I want to spend much time here, I have mentioned many of these items as I have moved through my remarks, I'd encourage you though as the webcast read through these, I think if we wanted to talk about the several of them here right the growth in the new programs and margin headwinds and tailwinds we talked about the R&D and SG&A line clearly something we are focused on where we expect our R&D investments to yield the results in our business. There is near-term projects, there is longer term projects, there is some seed money being spend on future as scheduled. Much of the spend in R&D is focused on the near-term to where we can see a path are actually gained the benefit out of that expense in the next several years instead of 20 years from now.

And to summarize, look I take pretty exciting time, I repeat myself here that we've capture growth, it's accelerating growth is driven in our core businesses, which is great because what we do very, very well. Our new programs that we come out of our strategy with, the investment in those is peaking. We're are starting to see that and some of the data provided you today and cash flow is starting to come positive for the company and so we see a really exciting future as we look at growth decline in peeking investment in cash flow coming positive. As we look forward though, I show you we're focused on the productivity and efficiencies which we always are that with some of the new team members are Jeff mentioned that, there is a new or renewed interest and really driving some of the efficiencies that are actually pretty good.

So, I think it's a very big positive there, more modest investment, product refresh that can't probably tell you how important of that is for us where we are extending the 737 platform into the future with the MAX decision from Boeing. The A320neo is extending the life of the program, which certainly is favorable to our European operations. And then as we think about future wide body and contemplate product development there is certainly seems like the OEMs are focused on refresh versus clean sheet design, which is fantastic for Spirit. And then of course we'll always be very intended to the capital structure and liquidity given the business we are in, very successful there in the past and expect to keep that up as we move through the future.

And then the final business summary, we'll get to your questions, strong long-term market, great strategic positioning, we have talked about the growth, the earnings and the cash flows how the core business will continue to strengthen as the volume grows there and we've got to manage through this risk period of development programs. I think our disclosures and our filings on these programs, is extremely deep. So, I think if read through though you have a very good sense of what those are. And then clearly, we are a financially strong company given what we have managed through. Our leverage is modest by all accounts. We have managed out of the LBO and de-levered and we find ourselves in a very, very exciting spot as we look into the future from a financial standpoint.

So, I love to take your questions.

Question-and-Answer Session of Phil Anderson

Phil Anderson

Julie?

Julie Yates – Credit Suisse

Thanks, Phil. Julie Yates, Credit Suisse. So, you mentioned inventory should peak in 2012 and I think we have a good understanding in line of side on 787 and where that's trending on a per unit basis, but how do we think about the risk around the deferred production growth on the two Gulfstream programs and then the A350?

Phil Anderson

Yeah, there will be growth on the programs you mentioned certainly, 350, 650 that will grow over the next several years until we get them down the learning curve.

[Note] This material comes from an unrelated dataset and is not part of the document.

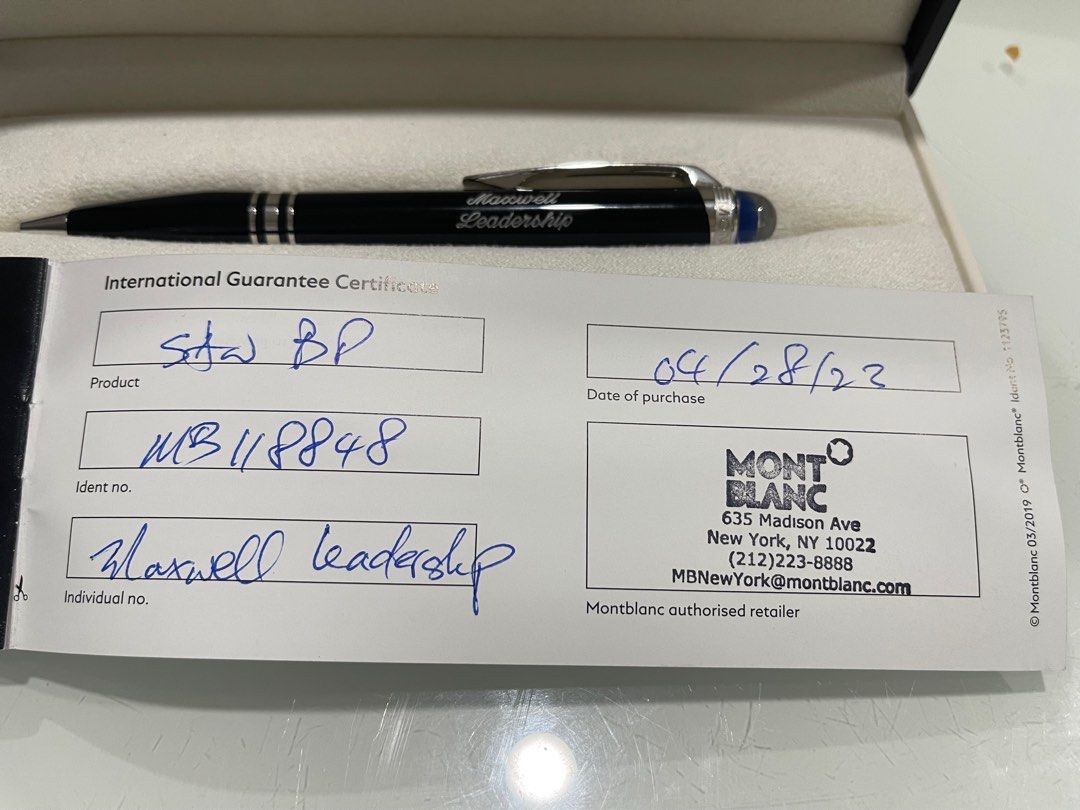Mont Blanc Pen (Category: Accessories) located in Singapore. Submitted by feiken (Listing ID 1267376302, Image 4). Description: Mont Blanc Pen With Maxwell Leadership printing Original Still under warranty BNIB .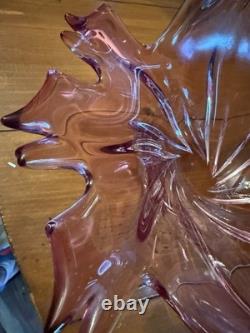 VTG Formica Vetri Murano Cranberry Pink Art Glass Basket Hand Blown Italy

The 650 will turn first obviously, because it's a later in the development cycle, where it's actually in initial stages of production. It will move, we expect into full production this year and then we'll come down the learning curve. And at some point over the next, I would say 2013/2014 we started burning off that deferred buildup. 350 is in a different place. It's earlier in the development cycle. We have just delivered our first section 15 earlier this year. And so as we move through you will see that one building and not leading until we get probably further beyond '14. 787, you've seen the improvement we are making there in those deferred balances. Terry will talk to you in a little while about the program in more detail, but I think from Jeff and I, we were very much on plan where we expected to be, but it's a challenging program given the spent as late as it is, but we feel good about where we are at. Hey, Doug? I'm glad you made it.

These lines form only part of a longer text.